Mar. 16 2015 — Spanky McFarland once said “You can fool some of the people all of the time, but you can’t fool mom!” My mom used to tell me to “Pay up for quality, because you’ll rarely be disappointed and you’ll probably forget how much you paid.” The same goes for investing. It pays to focus on quality. At S&P Capital IQ, one measure of quality is based on consistency. An S&P “Earnings and Dividend Quality Rank” is a letter grade assigned to a company based on a variety of factors, chief among them is the consistency of earnings and dividend growth over the prior 10 years. As of March 13, there were 445 companies the S&P 500 that had an S&P Quality Rank, with 135 (30%) ranked A-, A or A+, otherwise known as “above average.” Also, there were 174 companies ranked B, B- or C, or “Below Average.” Finally, 136 were ranked B+ or “Average.”

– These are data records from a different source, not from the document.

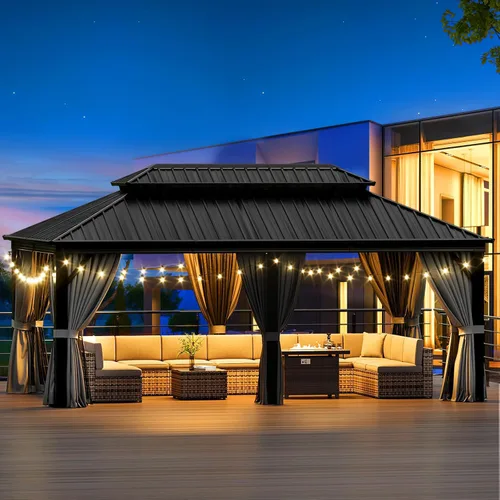 Miniatura 6 de Gazebo de techo rígido de 10 x 12 pies, cenador de aluminio para exteriores con doble parte superior de acero galvanizado, pabellón de metal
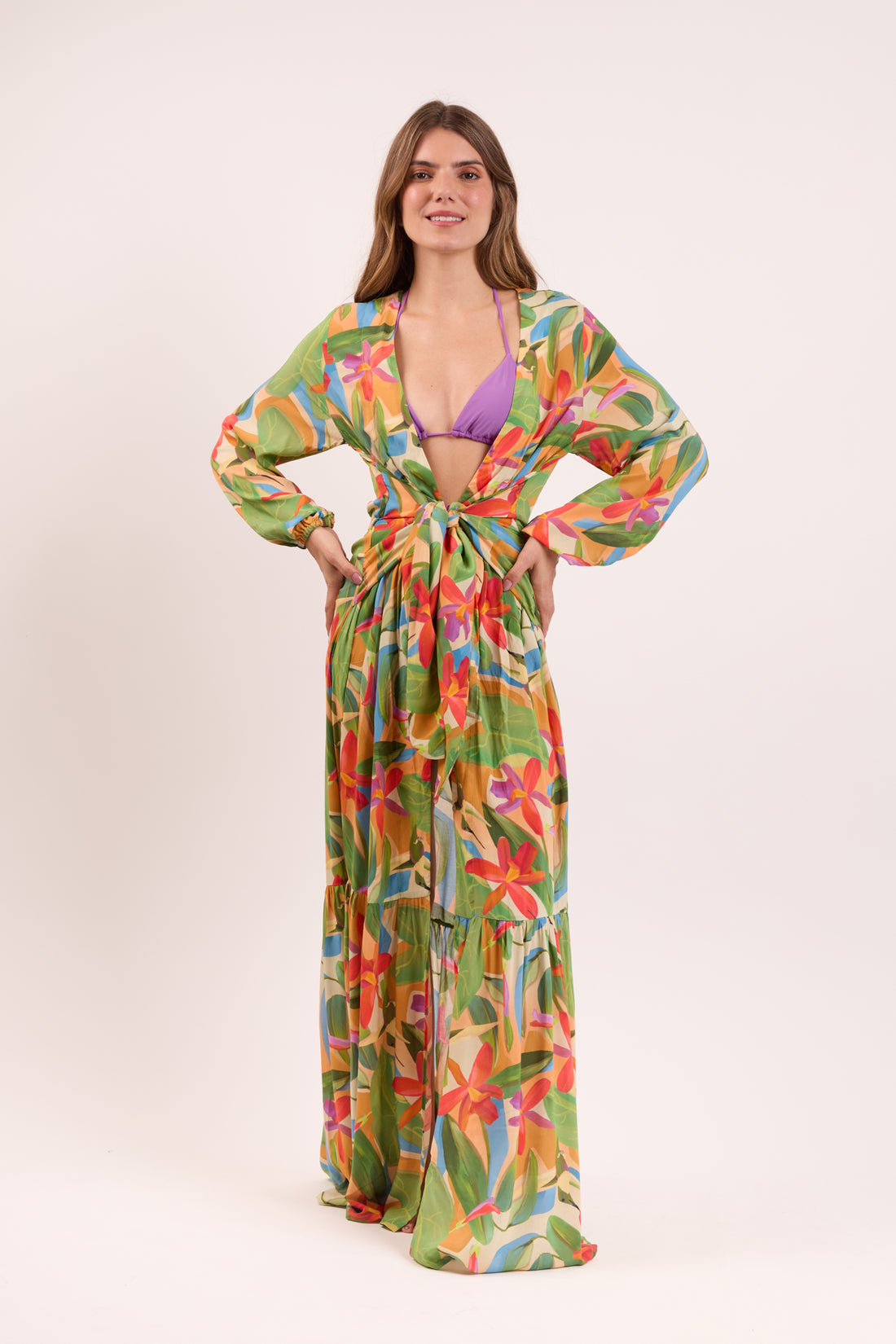 Model Front: Rio De Sol Beach Dresses Tropical Long Dress Verona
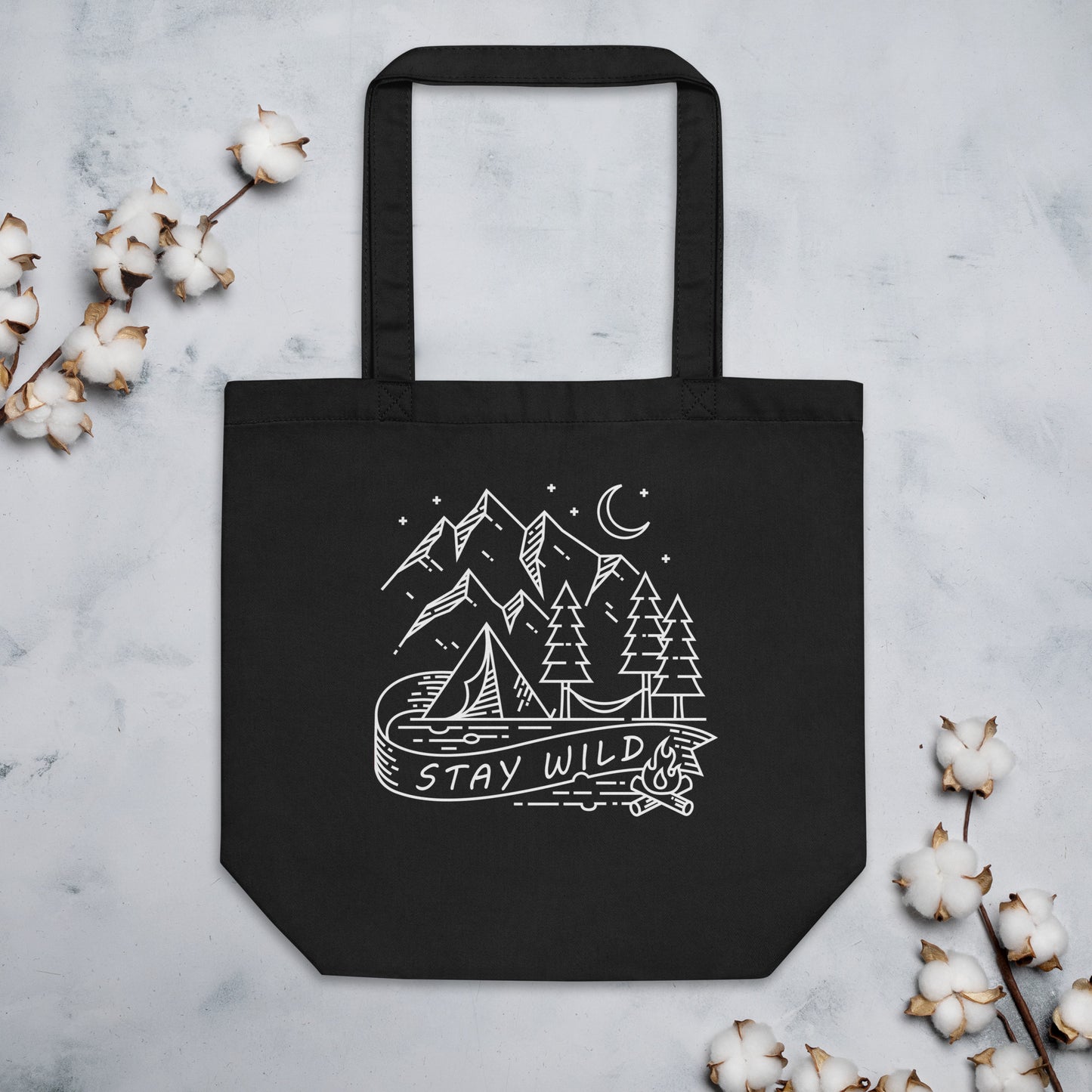 Stay Wild Black Cotton Tote Bag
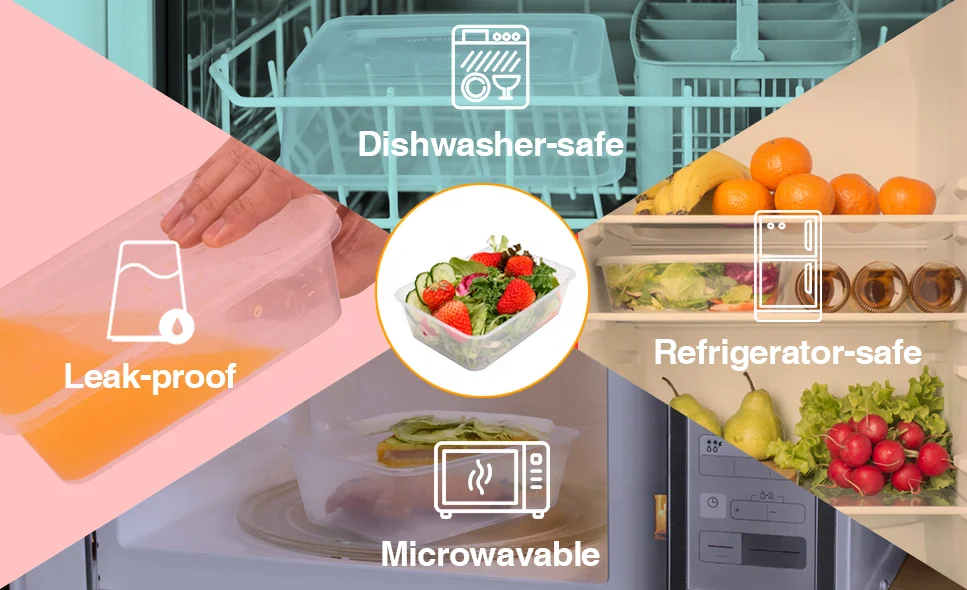 500ml-1000ml Clear Black white Rectangular Disposable PP Food Box Take Away Microwaveable Plastic Food Containers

It should come as no surprise that those companies with a higher consistency of increasing earnings and dividends tended to experience lower price volatility over time relative to the broader market. Indeed, those stocks in the S&P 500 with Above Average quality rankings currently have an average beta of 0.9, compared with the average beta of 1.3 for those ranked Below Average and 1.0 for those ranked Average.
Not surprisingly, long-term total returns were also superior for stocks with Above Average quality ranks. From December 31, 1999, through February 27, 2015, the S&P 500 saw a cumulative 91% in total return and recorded an annual standard deviation of 15.4%. The S&P 500 High Quality Rankings Index gained 229%, and experienced less volatility as its standard deviation was 14.7%. The S&P 500 Dividend Aristocrats, however, posted a 342% cumulative total return while enduring an even smaller standard deviation at 14.0%. Finally, in 2008, while the S&P 500 fell 37.0%, including dividends, the S&P 500 Dividend Aristocrats declined 21.6%. Similar magnitudes of outperformance were recorded by the S&P 1500 High Yield Aristocrats and the new S&P MidCap 400 Dividend Aristocrats. Of course, past performance is no guarantee of future results.
So there you have it. As the equity markets pick up the pace of volatility, investors are probably thinking more about price stability through earnings quality. As a result, they are likely considering those companies with higher S&P Capital IQ Quality Rankings, as these stocks sport betas that are substantially below those of lower quality companies. Investing is a journey. Either you can do the driving or you can let someone else can do it.